Le repas est un joyeux bazar, un moment de convivialité où les plats (vegan) défilent. Chacun se sert, se passe les assiettes, on parle de la journée qui vient de passer. En revanche, on a beau être en Bourgogne, pas une seule bouteille de vin ne vient accompagner le repas.
Ce n'est pas un oubli : à Eotopia aucune substance addictive ou excitant n'a sa place dans la petite communauté. Pas d'alcool ni de cigarettes, et le plus étonnant : ni thé ou café !
La soirée se passe dans le calme, il faut veiller à ne pas faire trop de bruit pour ne pas gêner le sommeil d'Ada.
Ne jamais rien imposer mais participer à un grand projet
Le lendemain matin, la vie à Eotopia reprend son cours.
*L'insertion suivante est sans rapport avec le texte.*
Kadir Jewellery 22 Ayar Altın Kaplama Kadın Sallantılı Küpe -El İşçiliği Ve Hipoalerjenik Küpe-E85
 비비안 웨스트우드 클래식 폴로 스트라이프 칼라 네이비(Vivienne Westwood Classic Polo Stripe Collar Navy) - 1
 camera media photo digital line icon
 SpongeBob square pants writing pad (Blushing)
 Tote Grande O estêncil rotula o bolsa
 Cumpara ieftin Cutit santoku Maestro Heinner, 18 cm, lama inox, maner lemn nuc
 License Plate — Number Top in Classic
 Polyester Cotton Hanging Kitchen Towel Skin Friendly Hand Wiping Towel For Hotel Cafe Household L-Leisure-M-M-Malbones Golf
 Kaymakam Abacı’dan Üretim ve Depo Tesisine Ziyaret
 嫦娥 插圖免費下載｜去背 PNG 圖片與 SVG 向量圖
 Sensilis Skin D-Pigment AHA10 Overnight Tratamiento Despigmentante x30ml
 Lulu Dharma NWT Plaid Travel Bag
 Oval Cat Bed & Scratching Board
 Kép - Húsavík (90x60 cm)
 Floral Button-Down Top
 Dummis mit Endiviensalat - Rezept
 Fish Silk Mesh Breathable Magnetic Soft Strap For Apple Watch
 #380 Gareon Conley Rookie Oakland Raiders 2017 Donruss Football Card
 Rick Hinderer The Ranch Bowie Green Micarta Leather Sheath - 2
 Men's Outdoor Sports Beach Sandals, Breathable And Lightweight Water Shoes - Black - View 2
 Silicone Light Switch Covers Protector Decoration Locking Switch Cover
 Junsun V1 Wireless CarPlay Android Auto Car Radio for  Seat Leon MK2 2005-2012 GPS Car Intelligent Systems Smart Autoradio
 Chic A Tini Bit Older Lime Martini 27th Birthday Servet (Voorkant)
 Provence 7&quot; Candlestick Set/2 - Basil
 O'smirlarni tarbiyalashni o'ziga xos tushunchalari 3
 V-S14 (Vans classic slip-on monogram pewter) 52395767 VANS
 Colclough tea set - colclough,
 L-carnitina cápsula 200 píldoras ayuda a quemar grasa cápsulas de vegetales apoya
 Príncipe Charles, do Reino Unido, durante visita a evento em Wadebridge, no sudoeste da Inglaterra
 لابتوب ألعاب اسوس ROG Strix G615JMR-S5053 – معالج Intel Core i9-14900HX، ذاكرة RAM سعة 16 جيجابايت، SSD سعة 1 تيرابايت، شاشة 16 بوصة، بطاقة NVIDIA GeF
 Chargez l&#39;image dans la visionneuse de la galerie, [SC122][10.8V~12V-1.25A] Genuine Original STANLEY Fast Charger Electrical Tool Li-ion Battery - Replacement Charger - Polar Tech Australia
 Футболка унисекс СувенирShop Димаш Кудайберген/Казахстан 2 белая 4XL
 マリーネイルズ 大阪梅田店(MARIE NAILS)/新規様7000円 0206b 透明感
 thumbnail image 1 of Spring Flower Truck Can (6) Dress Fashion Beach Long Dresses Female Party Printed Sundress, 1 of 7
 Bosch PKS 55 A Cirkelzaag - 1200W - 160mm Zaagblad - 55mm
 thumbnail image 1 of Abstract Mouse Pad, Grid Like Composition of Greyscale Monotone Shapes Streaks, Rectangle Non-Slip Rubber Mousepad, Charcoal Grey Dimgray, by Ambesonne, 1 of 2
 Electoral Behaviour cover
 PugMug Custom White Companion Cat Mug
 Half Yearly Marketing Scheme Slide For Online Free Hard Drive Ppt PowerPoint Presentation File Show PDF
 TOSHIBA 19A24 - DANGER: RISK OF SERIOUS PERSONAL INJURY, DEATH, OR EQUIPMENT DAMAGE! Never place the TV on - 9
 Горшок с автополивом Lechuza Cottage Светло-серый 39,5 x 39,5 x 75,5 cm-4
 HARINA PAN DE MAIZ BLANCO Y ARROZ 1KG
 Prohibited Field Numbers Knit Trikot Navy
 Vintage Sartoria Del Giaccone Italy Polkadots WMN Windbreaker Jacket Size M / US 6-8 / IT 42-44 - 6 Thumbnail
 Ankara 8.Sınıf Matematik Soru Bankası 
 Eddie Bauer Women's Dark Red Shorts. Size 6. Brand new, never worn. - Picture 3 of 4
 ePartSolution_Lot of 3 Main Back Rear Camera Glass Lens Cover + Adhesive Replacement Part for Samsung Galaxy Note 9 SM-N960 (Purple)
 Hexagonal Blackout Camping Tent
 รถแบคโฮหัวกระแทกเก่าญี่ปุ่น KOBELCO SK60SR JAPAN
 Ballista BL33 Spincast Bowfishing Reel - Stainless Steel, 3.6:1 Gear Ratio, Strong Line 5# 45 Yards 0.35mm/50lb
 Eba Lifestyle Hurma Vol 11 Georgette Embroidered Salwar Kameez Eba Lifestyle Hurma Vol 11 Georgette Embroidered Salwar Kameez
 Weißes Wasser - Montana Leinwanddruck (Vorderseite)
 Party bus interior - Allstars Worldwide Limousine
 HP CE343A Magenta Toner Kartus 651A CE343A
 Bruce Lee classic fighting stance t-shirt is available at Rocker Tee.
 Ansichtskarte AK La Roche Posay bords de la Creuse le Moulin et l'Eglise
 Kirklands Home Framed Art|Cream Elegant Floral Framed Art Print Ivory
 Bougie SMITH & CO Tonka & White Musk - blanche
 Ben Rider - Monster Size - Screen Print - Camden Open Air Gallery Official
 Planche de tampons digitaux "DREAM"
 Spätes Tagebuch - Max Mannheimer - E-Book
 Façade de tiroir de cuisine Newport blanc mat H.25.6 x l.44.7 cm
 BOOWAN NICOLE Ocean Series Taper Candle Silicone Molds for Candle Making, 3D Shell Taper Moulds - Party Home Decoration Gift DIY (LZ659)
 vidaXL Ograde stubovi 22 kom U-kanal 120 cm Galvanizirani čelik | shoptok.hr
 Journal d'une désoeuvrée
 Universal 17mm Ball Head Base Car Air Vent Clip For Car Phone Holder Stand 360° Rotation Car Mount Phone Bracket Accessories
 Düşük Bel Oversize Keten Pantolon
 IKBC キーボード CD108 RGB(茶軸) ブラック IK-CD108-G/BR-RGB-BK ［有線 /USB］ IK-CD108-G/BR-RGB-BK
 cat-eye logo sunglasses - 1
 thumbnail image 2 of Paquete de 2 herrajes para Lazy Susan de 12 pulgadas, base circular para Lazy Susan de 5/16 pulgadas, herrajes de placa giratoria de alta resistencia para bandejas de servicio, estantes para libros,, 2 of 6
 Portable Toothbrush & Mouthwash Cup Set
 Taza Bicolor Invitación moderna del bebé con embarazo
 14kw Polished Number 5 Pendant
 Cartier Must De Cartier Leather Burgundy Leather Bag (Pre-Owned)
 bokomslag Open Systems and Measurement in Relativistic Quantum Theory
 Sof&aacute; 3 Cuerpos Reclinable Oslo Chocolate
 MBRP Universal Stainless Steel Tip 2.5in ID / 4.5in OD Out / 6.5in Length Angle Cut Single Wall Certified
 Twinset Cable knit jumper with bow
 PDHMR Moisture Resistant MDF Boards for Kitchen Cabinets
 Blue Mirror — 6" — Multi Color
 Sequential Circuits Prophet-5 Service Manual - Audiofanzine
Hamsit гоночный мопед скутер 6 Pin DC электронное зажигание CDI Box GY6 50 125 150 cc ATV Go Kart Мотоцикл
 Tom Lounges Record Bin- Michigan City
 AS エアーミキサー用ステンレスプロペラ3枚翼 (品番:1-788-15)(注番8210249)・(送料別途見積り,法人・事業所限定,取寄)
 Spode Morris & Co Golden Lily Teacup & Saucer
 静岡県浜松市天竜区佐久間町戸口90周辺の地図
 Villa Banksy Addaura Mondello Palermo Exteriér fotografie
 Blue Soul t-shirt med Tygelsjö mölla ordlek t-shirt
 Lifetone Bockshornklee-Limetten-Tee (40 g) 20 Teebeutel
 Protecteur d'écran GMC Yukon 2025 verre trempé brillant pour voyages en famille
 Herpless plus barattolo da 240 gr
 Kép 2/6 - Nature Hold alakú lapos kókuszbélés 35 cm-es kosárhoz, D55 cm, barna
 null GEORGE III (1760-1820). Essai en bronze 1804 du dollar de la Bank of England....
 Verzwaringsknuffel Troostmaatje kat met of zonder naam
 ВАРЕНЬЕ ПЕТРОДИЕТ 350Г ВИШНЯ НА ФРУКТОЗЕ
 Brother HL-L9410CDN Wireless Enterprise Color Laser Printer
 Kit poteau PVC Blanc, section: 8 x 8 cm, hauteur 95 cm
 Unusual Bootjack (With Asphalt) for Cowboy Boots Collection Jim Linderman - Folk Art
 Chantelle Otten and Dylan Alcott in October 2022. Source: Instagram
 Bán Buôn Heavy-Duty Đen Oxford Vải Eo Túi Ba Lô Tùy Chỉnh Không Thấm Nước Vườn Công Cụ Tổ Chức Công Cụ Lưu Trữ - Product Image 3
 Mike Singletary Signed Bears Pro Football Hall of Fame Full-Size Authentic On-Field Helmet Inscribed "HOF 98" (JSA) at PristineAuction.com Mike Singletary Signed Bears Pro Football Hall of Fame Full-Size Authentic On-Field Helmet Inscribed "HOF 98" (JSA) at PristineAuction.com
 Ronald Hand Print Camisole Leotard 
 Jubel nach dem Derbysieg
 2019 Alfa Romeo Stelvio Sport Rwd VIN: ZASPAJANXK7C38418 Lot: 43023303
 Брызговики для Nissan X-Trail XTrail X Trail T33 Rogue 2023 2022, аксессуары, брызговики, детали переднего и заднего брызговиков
Il n'y a pas vraiment de programme établi à Eotopia. “Il revient à chacun de prendre l'initiative ou non de participer à un projet”, explique Benjamin. À Eotopia, il n'y a pas d'horaire, pas de tâche obligatoire.
Alors certes, ce n'est pas tous les jours facile, la vie en communauté peut être parfois compliquée, surtout quand il faut gérer les visiteurs et visiteuses avec la charge de travail que cela incombe. “Mais la grande réussite du projet c'est d'être parvenu à ne rien imposer à personne. Faire confiance, ça marche !”, lance-t-il. Et d'ajouter : “j'en suis le premier surpris.”
“Pour moi l'essentiel, c'est de pouvoir se détacher de l'idée qu'il faille toujours échanger une chose contre une autre”. À Eotopia, le don désintéressé a été privilégié à la vie sans argent, vie que Benjamin raconte dans son livre “Sans un sou en poche : vivre fauché, mais vivre libre” (Ed. Flammarion, 2015). Pour vivre toute l'année, certains touchent le RSA, d'autres comme Yazmin et Benjamin gagnent un peu d'argent grâce à des traductions.
Eotopia est-elle une communauté utopiste : “oui sûrement un peu. Nous sommes à la recherche d'autonomie surtout et apprendre à faire les choses par nous-même et ne plus avoir d'impact sur d'autres êtres vivants”, explique-t-il.
Il est 16h, l'heure de repartir vers la capitale. Alors, sont-ils vraiment “plus heureux que nous”, comme le pensait le chauffeur de taxi ? Si se donner les moyens de concrétiser ses convictions est une forme de bonheur, alors oui.